MEMORANDUM AND ORDER

ALLEN SHARP, District Judge.

In Count I of Plaintiffs Complaint, Plaintiff alleges that Benicorp Insurance Company, (“Benicorp”), issued a major medical insurance plan to Don Scharer Masonry Inc., (“Scharer Masonry”), Group Policy No. A0015001-0, (“the Plan”). Plaintiff alleges that he was provided benefits under the Plan. Plaintiff further alleges that on or about March 23, 2002, he submitted a claim to Benicorp to pay for medical expenses incurred as a result of an accident he sustained on March 23, 2002. Plaintiff claims that Benicorp denied and refused to pay his medical expenses under the Plan, and is therefore seeking a judgment against Benicorp for an amount that will fully and fairly compensate him for his claim and for all other relief just and proper. Benicorp now moves to strike the Plaintiffs jury demand insofar as it relates to Count I of Plaintiffs Complaint against Benicorp, based on the premise that the Employee Retirement Income Security Act of 1974 (“ERISA”), affords no right to a jury trial. See, ERISA, 29 U.S.C. Section 1001, et seq.
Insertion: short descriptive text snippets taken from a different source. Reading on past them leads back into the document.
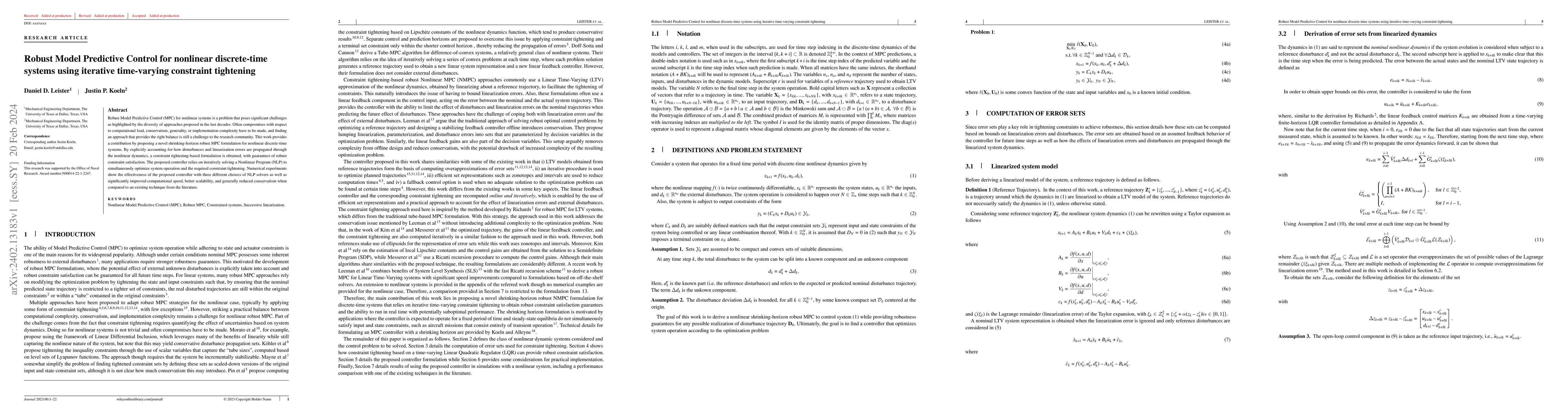 Thumbnail for Robust Model Predictive Control for nonlinear discrete-time systems
  using iterative time-varying constraint tightening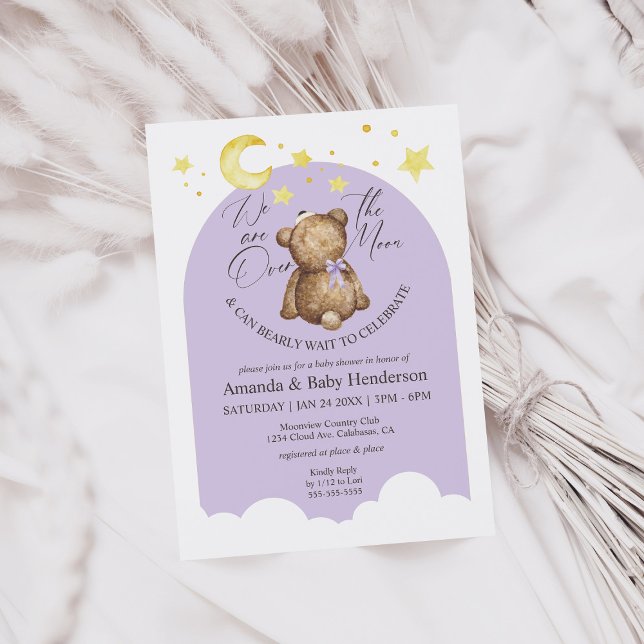 Invitation Au-Dessus Du Baby shower Lavender Teddy Bear Laven (Créateur téléchargé)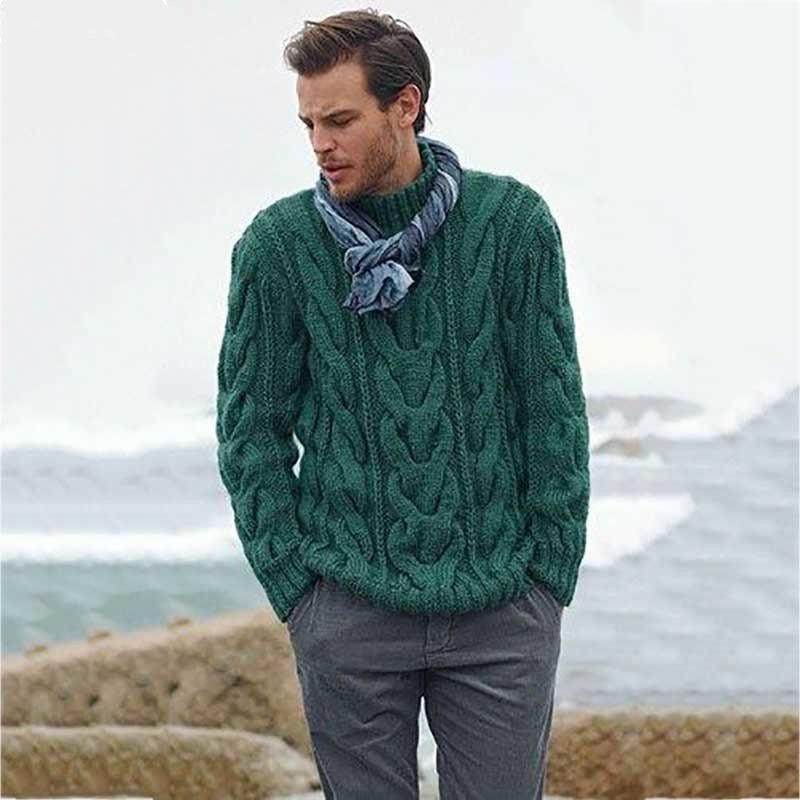 Dark green cable-knit padded pullover sweater with ribbed crew neck and long sleeves.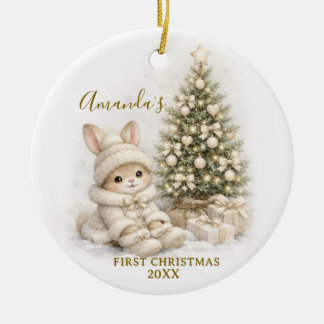 Ivory Bunny Rabbit First Christmas Keepsake Girl Julgransprydnad Keramik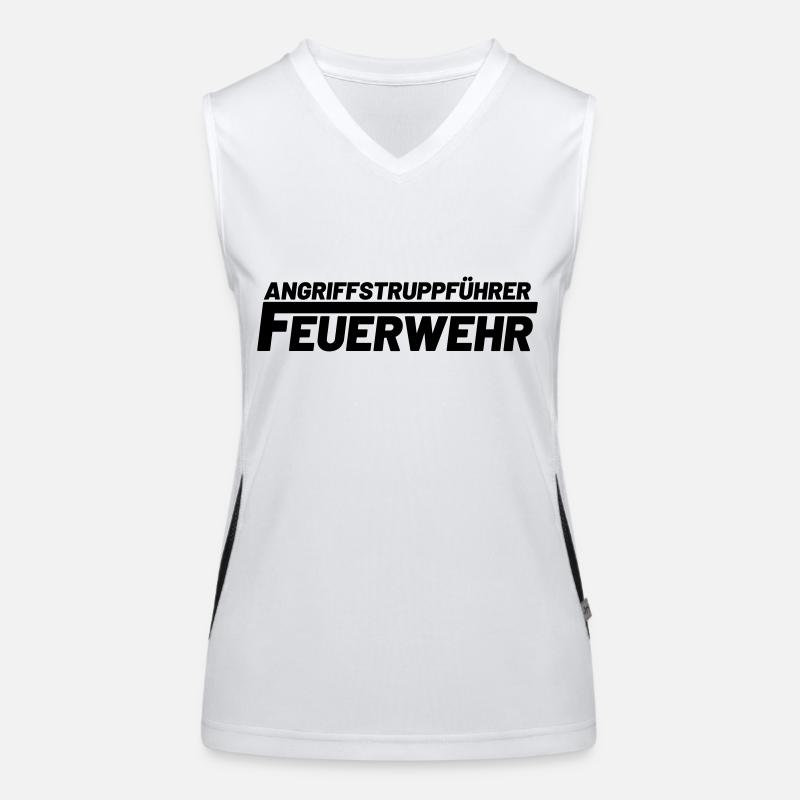 Angriffstruppführer Freiwillige Feuerwehr Funktionelles Kontrast-Tank Top für Frauen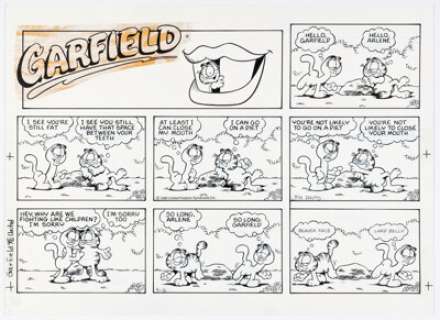 Davis, Jim | Jim Davis Garfield Sunday Comic Strip Original Art dated 4-6-83 (United Feature Syndicate, 1983). ... | Heritage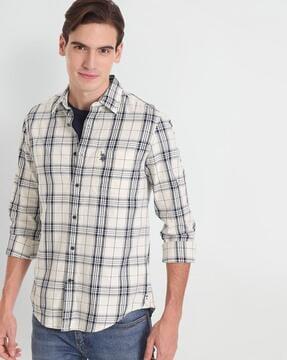 men checked regular fit shirt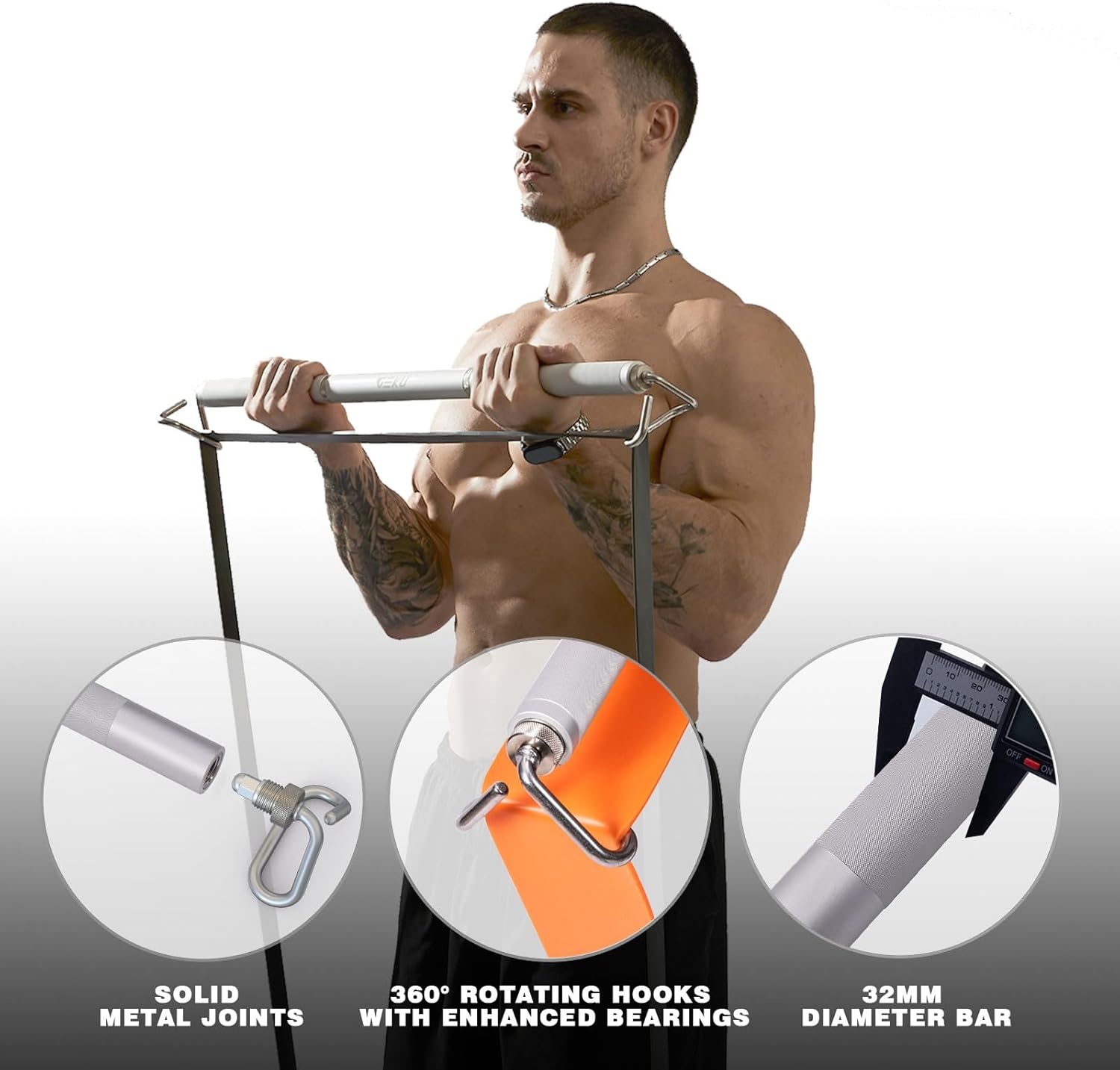 Aluminum Resistance Band Bar, 3-Section Detachable Heavy Duty Workout Bar for Resistance Band Exercises, Strength Training, and Home Gym (Metal Bar-Enlarged Hooks)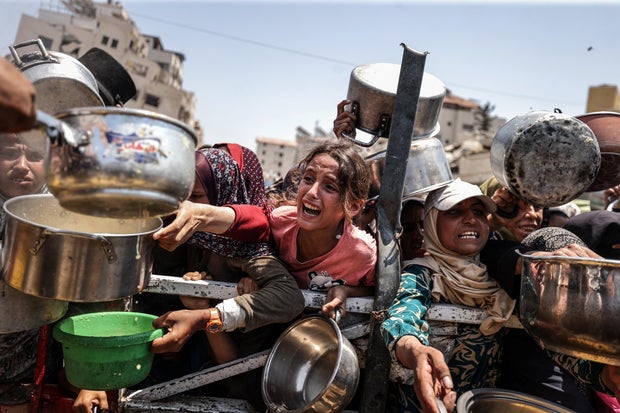 Food distributed to Palestinians struggling with hunger in Gaza 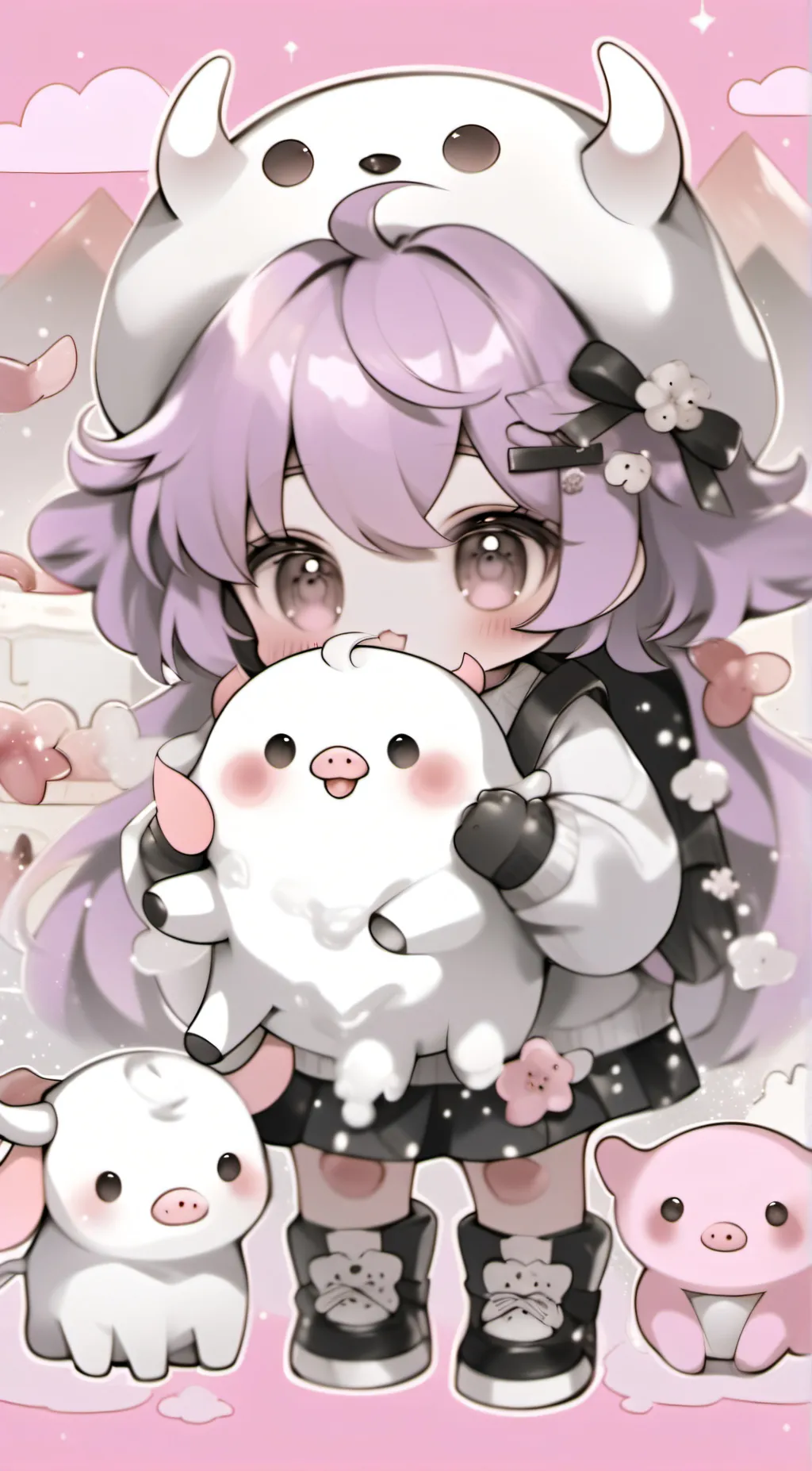 ai character: milking background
By asserting a state law claim for a denial of benefits under an employee welfare benefit plan, Plaintiff is, according to Benicorp, attempting to assert an action recognized solely under ERISA. They further argue that by Plaintiff not challenging the removal of this action to this Court, Plaintiff is in essence, admitting that his claim arises solely under ERISA. Benicorp also filed a motion to dismiss any and all state law claims alleged in Plaintiffs Complaint, to which Plaintiff did not respond. This Court granted Benicorp’s motion, and through that ruling, this Court held that Plaintiffs Complaint, as it pertains to Benicorp, shall be treated as a claim for wrongful denial of benefits under ERISA, 29 U.S.C. Section 1132(a)(1)(B).

Therefore, because ERISA affords no right to a jury trial in suits to recover benefits under 29 U.S.C. Section 1132, Benicorp’s motion to strike Plaintiffs jury demand insofar as it relates to Count I of Plaintiffs Complaint against Benicorp, is hereby GRANTED. See, ERISA, 29 U.S.C. Section 1001, et seq., see also, *892 Dwyer v. Unum Life Ins. Co. of America, 2003 WL 22844234 (N.D.Ill. December 1, 2003); Mathews v. Sears Pension Plan, 144 F.3d 461, 468 (7th Cir.1998); Wardle v. Central States, Southeast, Southwest Areas Pension Fund, 627 F.2d 820, 830 (7th Cir.1980), cert. denied, 449 U.S. 1112, 101 S.Ct. 922, 66 L.Ed.2d 841 (1981). The Plaintiffs jury demand shall be stricken from Count I of Plaintiffs Complaint against Benicorp, as trials before a jury are not provided for under ERISA, 29 U.S.C. Section 1001, et seq.

IT IS SO ORDERED.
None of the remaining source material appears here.